Data accumulation firm J.D. Power has published its annual US-based Initial Quality Survey study for 2021, showcasing which car brands have the least and most problems in the first 90 days of ownership.
The 2021 edition of the study surveyed 110,827 people with new cars from the 2021 model year. From the survey it calculated the problems per 100 vehicles sold (a figure J.D. Power refers to as a PP100 figure), with a lower number signifying a better result.
While some of the names at the pointy end of the field were what regular J.D. Power study readers would consider ‘the usual suspects’, the name at the very top was a bonafide surprise.
For the first time ever, Ram topped the list with a 128 PP100. Dodge’s second place (139 PP100) could be seen as a surprise, too, given how American brands normally perform in these kinds of studies.
Lexus, a typical mainstay in these kinds of studies, came third equal with a 144 PP100, tied with Mitsubishi. Nissan rounded out the top five (146 PP100). Kia, Genesis, Hyundai, Jeep, and Chevrolet completed the top 10.
Toyota and Ford narrowly missed out on the top 10, ending up 12th and 13th, with Ford equaling J.D. Power’s reported industry average of 162 PP100.
The list of those ranked on the wrong side of the average features a few surprise names. Porsche and Honda, for example, recorded 163 PP100 and 164 PP100, respectively.
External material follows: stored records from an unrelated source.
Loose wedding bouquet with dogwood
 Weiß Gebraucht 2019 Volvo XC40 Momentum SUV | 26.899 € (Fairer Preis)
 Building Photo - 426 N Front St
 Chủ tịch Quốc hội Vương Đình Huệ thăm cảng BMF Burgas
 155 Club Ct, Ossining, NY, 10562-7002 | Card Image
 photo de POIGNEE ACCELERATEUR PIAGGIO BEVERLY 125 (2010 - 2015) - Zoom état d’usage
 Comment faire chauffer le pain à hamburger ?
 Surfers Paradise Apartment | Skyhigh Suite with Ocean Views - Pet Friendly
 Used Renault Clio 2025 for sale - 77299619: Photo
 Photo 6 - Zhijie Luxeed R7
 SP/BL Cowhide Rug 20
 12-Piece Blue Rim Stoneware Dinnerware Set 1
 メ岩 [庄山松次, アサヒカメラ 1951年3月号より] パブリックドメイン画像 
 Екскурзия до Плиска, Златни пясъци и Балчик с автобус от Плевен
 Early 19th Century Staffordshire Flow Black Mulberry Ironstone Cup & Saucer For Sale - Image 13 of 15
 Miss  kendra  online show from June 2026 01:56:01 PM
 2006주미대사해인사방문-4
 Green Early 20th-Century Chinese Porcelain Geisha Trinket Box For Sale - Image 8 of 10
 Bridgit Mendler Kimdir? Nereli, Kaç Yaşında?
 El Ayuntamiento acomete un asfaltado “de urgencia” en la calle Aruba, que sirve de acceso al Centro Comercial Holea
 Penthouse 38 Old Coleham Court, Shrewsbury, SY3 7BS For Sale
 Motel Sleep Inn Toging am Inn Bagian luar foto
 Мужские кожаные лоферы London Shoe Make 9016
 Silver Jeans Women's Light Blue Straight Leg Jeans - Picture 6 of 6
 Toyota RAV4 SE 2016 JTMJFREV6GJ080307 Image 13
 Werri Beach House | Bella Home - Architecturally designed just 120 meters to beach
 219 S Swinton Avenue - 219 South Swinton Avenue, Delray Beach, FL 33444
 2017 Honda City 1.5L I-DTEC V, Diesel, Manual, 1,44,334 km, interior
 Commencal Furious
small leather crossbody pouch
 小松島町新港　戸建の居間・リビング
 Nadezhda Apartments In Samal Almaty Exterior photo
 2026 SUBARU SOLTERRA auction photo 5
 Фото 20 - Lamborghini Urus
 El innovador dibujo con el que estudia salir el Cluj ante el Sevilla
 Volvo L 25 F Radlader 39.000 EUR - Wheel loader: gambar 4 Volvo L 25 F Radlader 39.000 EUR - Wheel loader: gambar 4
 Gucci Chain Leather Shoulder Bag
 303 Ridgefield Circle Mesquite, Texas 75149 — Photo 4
Mazda and Subaru struggled, too, with 177 and 182.
Then, there’s the bottom five. Chrysler is the top of the bottoms, with a PP100 of 251. Audi (240), Volkswagen (213), Volvo (210), and Alfa Romeo (205) are listed by J.D. Power as the five worst performers.
There’s a few curious points to note here, none less bizarre than the fact that Ram and Dodge (the best performers) share the same parent company as Chrysler and Alfa Romeo; Stellantis. Vehicles produced by the foursome share components, so it’s interesting to see them generate such wildly different results.
One of the other points to bring up is Tesla. The brand would not allow J.D. Power to poll Tesla owners in 15 of America’s states. But the data company notes that out of the remaining states, Tesla polled a 231 PP100, placing it in the middle of the aforementioned bottom five.